Sunday, September 30, 2018

Practical thoughts on MS-DOS source code

I recently wrote that Microsoft released the source code to MS-DOS v1.25 and v2.0 on Github. This is a huge step for Microsoft, and I congratulate them for releasing these older versions of MS-DOS under the open source MIT license!

This source code release was significant because it resolved an issue from Microsoft's previous attempt to open the source code to older MS-DOS. In 2014, Microsoft released the source code to MS-DOS 1.1 and 2.0 via the Computer History Museum. Unfortunately, the license used in the Museum release was a "look but do not touch" license.

My understanding from lawyers who have explained it to me (I am not a lawyer) is that you can be "tainted" by knowledge of proprietary source code, under US law and under similar laws agreed to by partner countries. So anyone who read or studied the source code to MS-DOS 1.1 or 2.0 as it was previously released via the Computer History Museum license was not allowed to contribute to FreeDOS afterwards. We posted several notices to this effect on the FreeDOS website and elsewhere.

But this source code release of MS-DOS 1.25 and 2.0 uses the MIT License, which is not only a recognized open source software license, but compatible with the GNU GPL. This means the "taint" concern is effectively lifted.

While this is great, there's a practical side to the source code release. Note that these are very old versions of MS-DOS. FreeDOS has already surpassed these versions of MS-DOS in functionality and features. For example, MS-DOS 2.0 was the first version to support directories and redirection. But these versions of MS-DOS did not yet include more advanced features including networking, CDROM support, and '386 support such as EMM386.

It's great to see Microsoft open-source these old versions of MS-DOS, but what will be the practical impact on FreeDOS? I think Tom E. answered this well:
“Frankly, not so much. the relevant facts about MSDOS like internal structures, memory layout aso. have been re-engineered/disassembled, documented and commented by Andrew Schulman, Mike Podanowsky, and MANY others, and merged in an almost complete (and almost correct) documented DOS API by Ralph Brown. thanks to them, and there is close to nothing to be learned by studying old MSDOS sources.”

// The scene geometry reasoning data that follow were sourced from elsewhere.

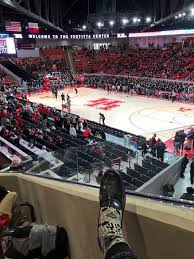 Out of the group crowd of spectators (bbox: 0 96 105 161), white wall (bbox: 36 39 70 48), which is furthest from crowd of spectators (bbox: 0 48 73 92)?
crowd of spectators (bbox: 0 96 105 161)

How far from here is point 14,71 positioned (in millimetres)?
38344

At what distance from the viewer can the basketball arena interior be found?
2203mm

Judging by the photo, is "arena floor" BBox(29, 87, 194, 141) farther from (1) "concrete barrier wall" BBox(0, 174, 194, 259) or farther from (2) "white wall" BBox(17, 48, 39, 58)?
(2) "white wall" BBox(17, 48, 39, 58)

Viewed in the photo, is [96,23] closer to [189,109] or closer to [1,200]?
[189,109]

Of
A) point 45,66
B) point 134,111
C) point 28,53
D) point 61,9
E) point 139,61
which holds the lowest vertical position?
point 134,111

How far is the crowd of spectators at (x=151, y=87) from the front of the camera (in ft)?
83.0

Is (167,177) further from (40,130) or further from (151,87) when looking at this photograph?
(151,87)

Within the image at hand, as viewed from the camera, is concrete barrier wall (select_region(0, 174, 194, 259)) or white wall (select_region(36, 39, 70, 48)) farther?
white wall (select_region(36, 39, 70, 48))

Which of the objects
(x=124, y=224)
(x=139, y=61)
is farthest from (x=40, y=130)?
(x=139, y=61)

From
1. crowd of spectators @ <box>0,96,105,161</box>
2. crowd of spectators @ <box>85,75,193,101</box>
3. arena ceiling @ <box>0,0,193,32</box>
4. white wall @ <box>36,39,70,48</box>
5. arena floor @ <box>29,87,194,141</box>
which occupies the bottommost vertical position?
arena floor @ <box>29,87,194,141</box>

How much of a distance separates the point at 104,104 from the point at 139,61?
16709 millimetres

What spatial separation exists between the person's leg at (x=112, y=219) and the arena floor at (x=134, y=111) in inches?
505

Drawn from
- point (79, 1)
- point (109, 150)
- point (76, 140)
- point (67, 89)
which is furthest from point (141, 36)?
point (109, 150)

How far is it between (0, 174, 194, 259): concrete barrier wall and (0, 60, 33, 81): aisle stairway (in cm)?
3371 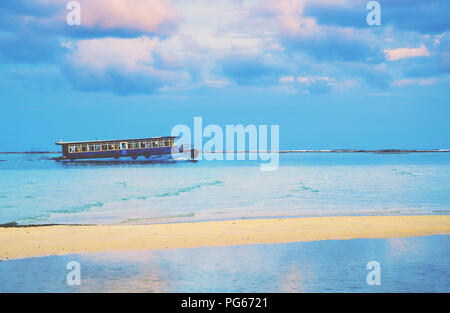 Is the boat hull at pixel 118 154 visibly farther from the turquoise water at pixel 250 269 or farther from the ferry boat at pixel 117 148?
the turquoise water at pixel 250 269

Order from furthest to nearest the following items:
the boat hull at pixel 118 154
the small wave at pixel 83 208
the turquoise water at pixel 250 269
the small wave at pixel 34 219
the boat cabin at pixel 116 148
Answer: the boat cabin at pixel 116 148 < the boat hull at pixel 118 154 < the small wave at pixel 83 208 < the small wave at pixel 34 219 < the turquoise water at pixel 250 269

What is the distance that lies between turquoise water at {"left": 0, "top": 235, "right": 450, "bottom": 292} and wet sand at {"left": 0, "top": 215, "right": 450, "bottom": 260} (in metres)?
0.92

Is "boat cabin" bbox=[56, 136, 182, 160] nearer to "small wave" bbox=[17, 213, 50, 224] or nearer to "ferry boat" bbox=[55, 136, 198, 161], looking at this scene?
"ferry boat" bbox=[55, 136, 198, 161]

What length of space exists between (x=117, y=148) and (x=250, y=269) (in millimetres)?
64533

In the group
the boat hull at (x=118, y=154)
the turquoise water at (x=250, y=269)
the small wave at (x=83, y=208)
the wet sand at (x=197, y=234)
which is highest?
the boat hull at (x=118, y=154)

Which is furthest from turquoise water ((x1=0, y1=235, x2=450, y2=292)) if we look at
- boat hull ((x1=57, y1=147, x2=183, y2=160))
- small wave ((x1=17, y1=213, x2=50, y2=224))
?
boat hull ((x1=57, y1=147, x2=183, y2=160))

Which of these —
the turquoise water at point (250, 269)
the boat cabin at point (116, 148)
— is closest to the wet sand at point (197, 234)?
the turquoise water at point (250, 269)

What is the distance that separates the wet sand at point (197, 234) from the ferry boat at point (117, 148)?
5608cm

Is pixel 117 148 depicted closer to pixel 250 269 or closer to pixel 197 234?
pixel 197 234

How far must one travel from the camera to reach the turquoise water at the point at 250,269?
8.10 meters

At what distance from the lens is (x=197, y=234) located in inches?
553

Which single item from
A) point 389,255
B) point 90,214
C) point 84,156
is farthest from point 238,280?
point 84,156
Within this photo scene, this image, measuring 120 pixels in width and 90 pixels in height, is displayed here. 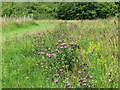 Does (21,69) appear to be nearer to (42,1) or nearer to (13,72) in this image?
(13,72)

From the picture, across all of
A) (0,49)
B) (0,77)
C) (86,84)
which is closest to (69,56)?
(86,84)

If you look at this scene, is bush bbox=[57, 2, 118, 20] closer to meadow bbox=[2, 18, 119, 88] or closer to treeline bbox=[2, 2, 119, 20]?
treeline bbox=[2, 2, 119, 20]

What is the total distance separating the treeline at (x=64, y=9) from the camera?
75.2 ft

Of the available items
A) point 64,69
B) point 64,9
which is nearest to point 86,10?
point 64,9

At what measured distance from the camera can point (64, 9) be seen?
76.3 ft

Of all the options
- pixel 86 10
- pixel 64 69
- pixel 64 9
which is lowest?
pixel 64 69

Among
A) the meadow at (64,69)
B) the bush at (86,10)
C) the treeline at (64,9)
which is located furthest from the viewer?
the treeline at (64,9)

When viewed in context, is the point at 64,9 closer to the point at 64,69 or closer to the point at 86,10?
the point at 86,10

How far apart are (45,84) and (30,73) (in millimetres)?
680

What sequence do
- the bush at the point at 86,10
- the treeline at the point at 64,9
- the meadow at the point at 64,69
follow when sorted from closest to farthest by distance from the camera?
the meadow at the point at 64,69 → the bush at the point at 86,10 → the treeline at the point at 64,9

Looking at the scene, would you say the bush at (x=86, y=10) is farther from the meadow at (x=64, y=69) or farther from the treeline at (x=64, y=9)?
the meadow at (x=64, y=69)

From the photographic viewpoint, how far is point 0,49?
605 cm

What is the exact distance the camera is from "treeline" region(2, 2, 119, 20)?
902 inches

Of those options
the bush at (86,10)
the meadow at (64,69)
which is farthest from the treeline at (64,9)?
the meadow at (64,69) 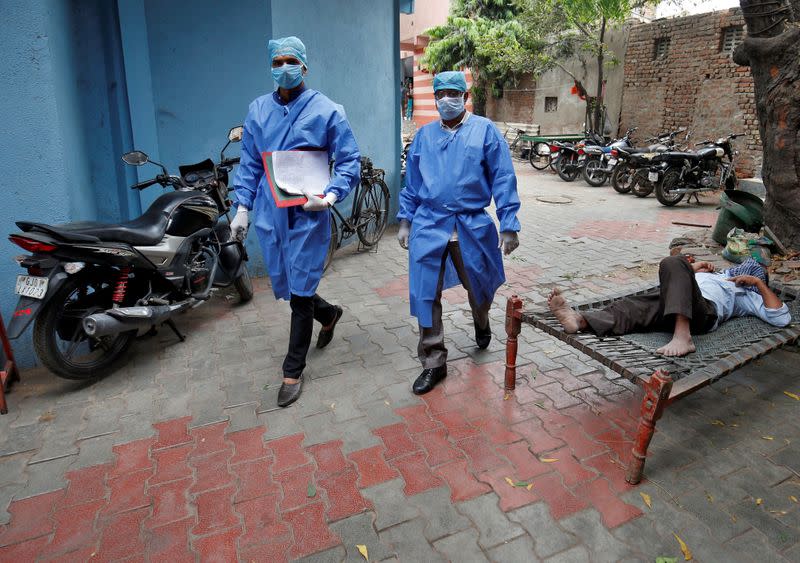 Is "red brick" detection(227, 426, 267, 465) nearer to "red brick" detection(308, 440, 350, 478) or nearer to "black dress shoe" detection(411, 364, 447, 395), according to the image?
"red brick" detection(308, 440, 350, 478)

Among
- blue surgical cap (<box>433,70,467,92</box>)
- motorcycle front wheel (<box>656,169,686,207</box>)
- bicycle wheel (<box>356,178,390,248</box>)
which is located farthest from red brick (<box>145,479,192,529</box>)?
motorcycle front wheel (<box>656,169,686,207</box>)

Eric A. adds a similar comment:
“Well, this is mostly interesting for historical research, MS DOS 1.25 had almost no features and 2.0 also is very far away from running most "normal" DOS software.”

So FreeDOS would not be able to reuse this code for any modern features anyway. But for basic features, such as weird edge cases or specific application compatibility, maybe developers can reference this code to improve FreeDOS.

Set your expectations appropriately. Thanks to Microsoft for releasing this source code under an open source software license (MIT) but don't expect this to have much impact on FreeDOS. We've already advanced well beyond MS-DOS 1.25 and 2.0.